((

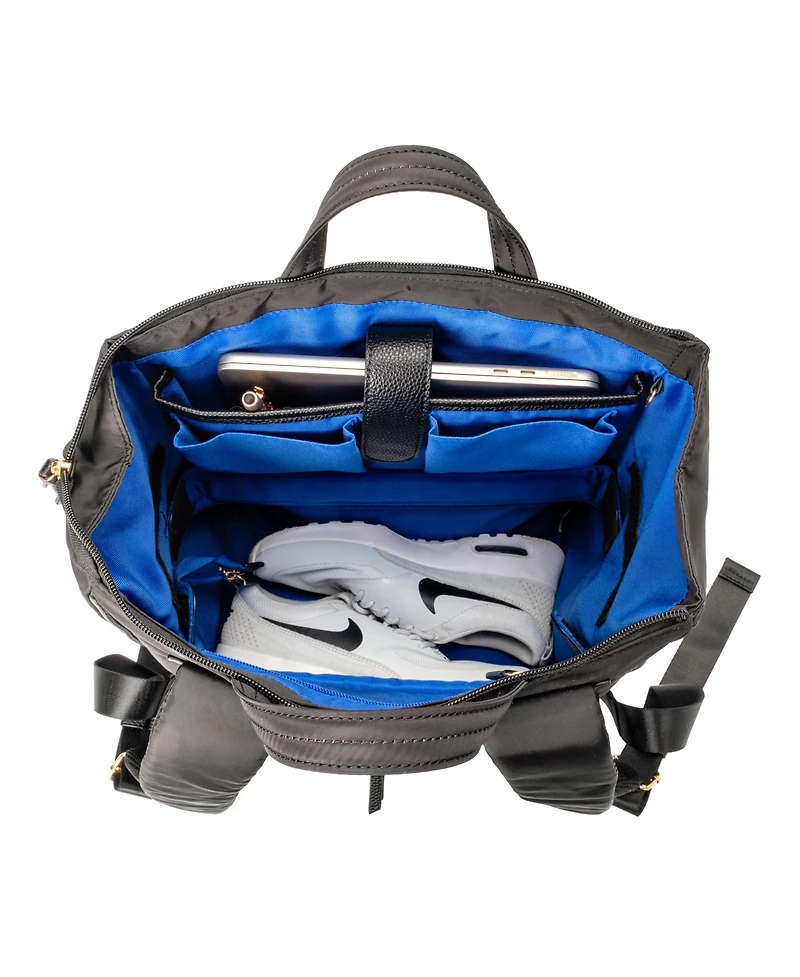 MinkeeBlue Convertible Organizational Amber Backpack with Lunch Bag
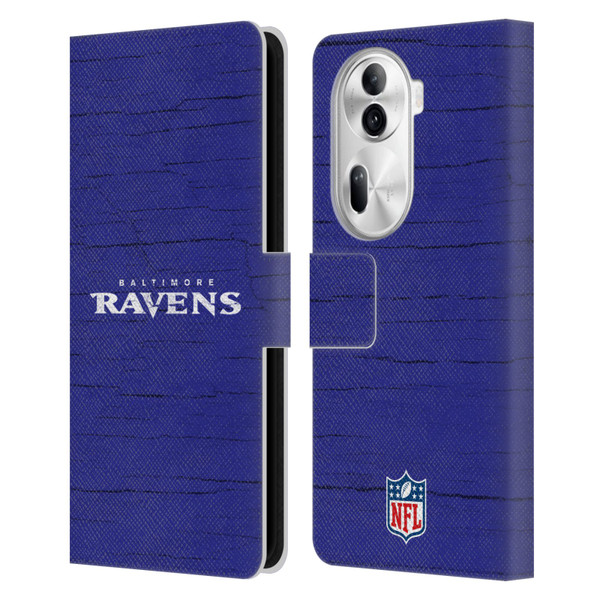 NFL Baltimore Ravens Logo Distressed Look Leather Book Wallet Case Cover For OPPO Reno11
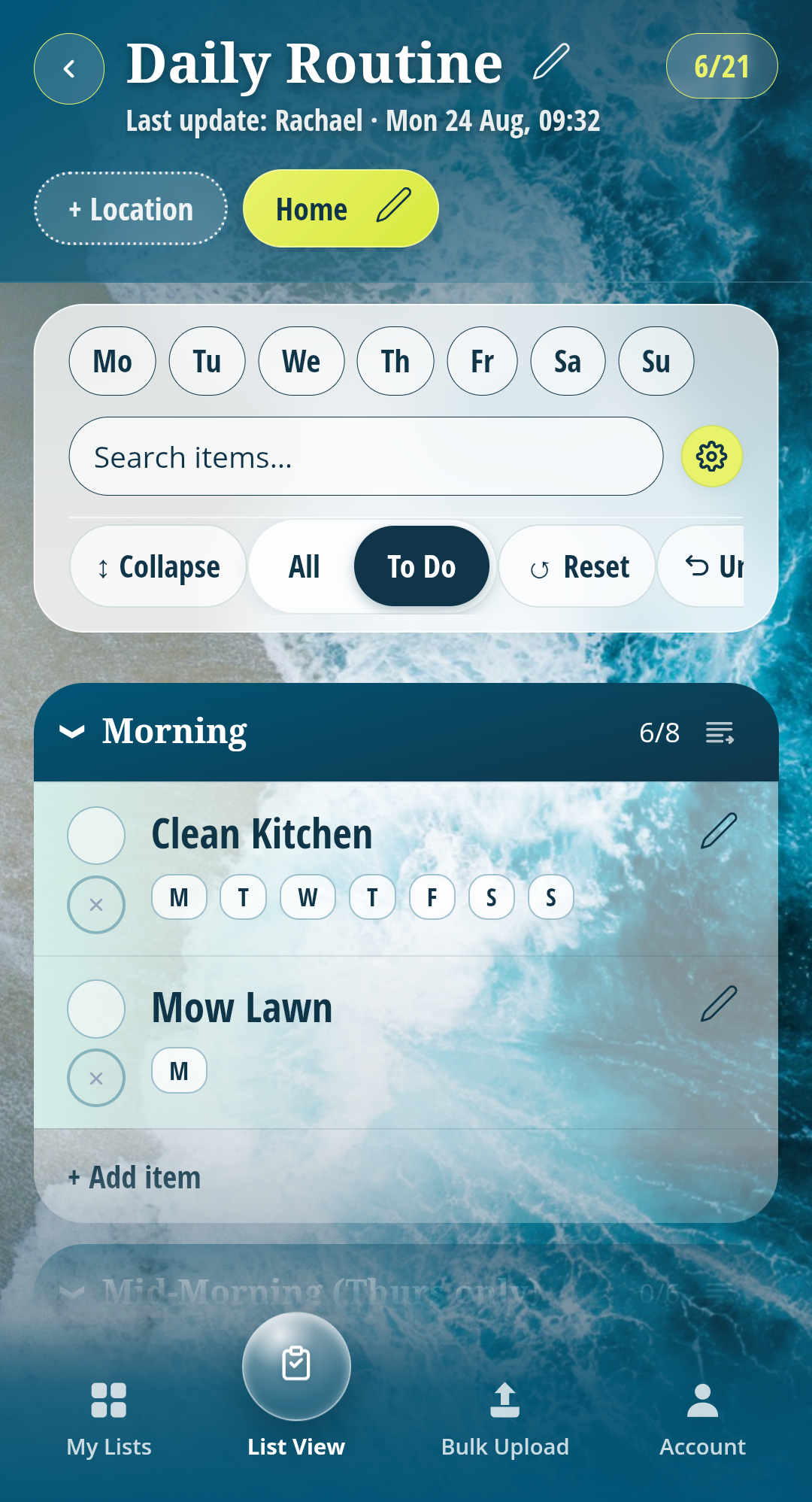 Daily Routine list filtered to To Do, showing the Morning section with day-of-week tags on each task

))

Transcribe each line of the material above verbatim, but do not include the images.

ANSWER SECTION:
 MinkeeBlue Convertible Organizational Amber Backpack with Lunch Bag
 NFL Baltimore Ravens Logo Distressed Look Leather Book Wallet Case Cover For OPPO Reno11
 Daily Routine list filtered to To Do, showing the Morning section with day-of-week tags on each task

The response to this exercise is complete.